Removal of the Tax on a Fixed
Supply will not reduce the Price
By Byron A. Ellis-May
01, 2008
It is often difficult for
non-economists to understand economics. Thus, Hillary and McCain’s proposal
of a holiday gas tax reflects their lack of economic understanding. Alchian
and Allen noted that the important implication of demand and supply analysis
is that no matter what happens, if the demand and supply schedule are
unchanged, the price is unchanged. In other words, if gas taxes were reduced
it would not reduce the price at the pump as long as the supply and demand
schedules are unchanged.
A lower tax rate will not shift the
demand or supply curves. Lets follow Hillary and McCain’s logic, and reduce
the gasoline tax by $0.18 per gallon. Now, we ask what will happen to the
demand and supply schedules. Lets assume that the supply was fixed at 1,000
gallons, so the supply schedule is vertical line at 1,000 gallons. Thus, the
tax does not affect the supply schedule.
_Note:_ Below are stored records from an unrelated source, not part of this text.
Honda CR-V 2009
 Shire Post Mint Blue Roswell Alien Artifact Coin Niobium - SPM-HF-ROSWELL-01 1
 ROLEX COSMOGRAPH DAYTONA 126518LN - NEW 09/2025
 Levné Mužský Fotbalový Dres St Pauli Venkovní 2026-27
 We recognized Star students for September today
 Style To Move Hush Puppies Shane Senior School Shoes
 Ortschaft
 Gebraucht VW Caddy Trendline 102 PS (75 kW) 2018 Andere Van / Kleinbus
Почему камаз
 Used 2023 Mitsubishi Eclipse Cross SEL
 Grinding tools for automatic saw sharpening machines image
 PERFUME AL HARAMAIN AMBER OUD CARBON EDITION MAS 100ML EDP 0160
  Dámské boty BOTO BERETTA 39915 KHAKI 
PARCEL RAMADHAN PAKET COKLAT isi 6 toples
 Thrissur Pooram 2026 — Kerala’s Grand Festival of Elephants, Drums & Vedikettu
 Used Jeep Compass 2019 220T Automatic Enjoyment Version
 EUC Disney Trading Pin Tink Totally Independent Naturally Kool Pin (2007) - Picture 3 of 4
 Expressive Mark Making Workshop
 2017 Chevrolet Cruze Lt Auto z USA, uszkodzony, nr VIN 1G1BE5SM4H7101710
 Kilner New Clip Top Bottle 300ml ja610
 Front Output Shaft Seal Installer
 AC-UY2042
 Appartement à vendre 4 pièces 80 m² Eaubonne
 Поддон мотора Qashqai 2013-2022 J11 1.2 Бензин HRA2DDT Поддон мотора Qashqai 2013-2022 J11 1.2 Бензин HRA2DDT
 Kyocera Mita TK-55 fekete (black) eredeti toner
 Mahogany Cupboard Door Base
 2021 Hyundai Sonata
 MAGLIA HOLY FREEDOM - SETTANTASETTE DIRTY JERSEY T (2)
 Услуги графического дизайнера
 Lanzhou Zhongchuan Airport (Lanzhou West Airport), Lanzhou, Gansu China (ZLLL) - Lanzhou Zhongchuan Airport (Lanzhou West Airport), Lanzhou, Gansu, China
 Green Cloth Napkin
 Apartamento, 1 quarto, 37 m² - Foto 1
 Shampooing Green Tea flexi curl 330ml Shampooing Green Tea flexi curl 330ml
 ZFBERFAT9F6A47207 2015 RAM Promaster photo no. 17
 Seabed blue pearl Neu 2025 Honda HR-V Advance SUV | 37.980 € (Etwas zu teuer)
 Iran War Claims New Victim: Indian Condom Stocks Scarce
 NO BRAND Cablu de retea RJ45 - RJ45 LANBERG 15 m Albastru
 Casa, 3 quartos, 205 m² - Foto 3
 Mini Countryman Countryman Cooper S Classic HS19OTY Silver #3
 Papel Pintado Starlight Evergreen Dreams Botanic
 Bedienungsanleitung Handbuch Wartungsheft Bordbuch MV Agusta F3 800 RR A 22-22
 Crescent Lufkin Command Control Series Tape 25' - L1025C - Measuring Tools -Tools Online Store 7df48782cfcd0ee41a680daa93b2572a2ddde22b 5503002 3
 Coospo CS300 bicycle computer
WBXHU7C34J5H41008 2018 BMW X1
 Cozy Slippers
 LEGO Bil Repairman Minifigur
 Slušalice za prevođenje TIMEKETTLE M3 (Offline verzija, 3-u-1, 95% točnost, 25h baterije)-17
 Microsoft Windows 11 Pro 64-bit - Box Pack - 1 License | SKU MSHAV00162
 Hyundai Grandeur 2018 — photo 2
Hence, the only way that the price
of gasoline would fall is if the demand schedule shifted downward from D0
to D1; but the demand schedule is not contingent on the tax, so
it is unaffected by the tax.

As we can see from the graph,
consumers would not benefit from the Clinton-McCain holiday tax federal tax
reduction proposal. Ironically, the beneficiaries of the tax decrease would
be the energy suppliers. Instead of the tax going to the government, it
would go to the sellers.
The confusion here is the inability
of Hillary and McCain to distinguish between two related demand schedules:
the one that accrues to the consumer and the other is that part of the
consumer’s demand that affects the sellers’ wealth.
Given the demand and supply
schedules D0 and S0, the consumer will always pay P0
whether the tax is present or not. The portion of the consumer demand
that would accrue to the seller would be P0 less the tax.
However, if the tax was not present the full P0 would go to the
seller.
Therefore, it is erroneous to state
that removing the tax would accrue savings to the consumers.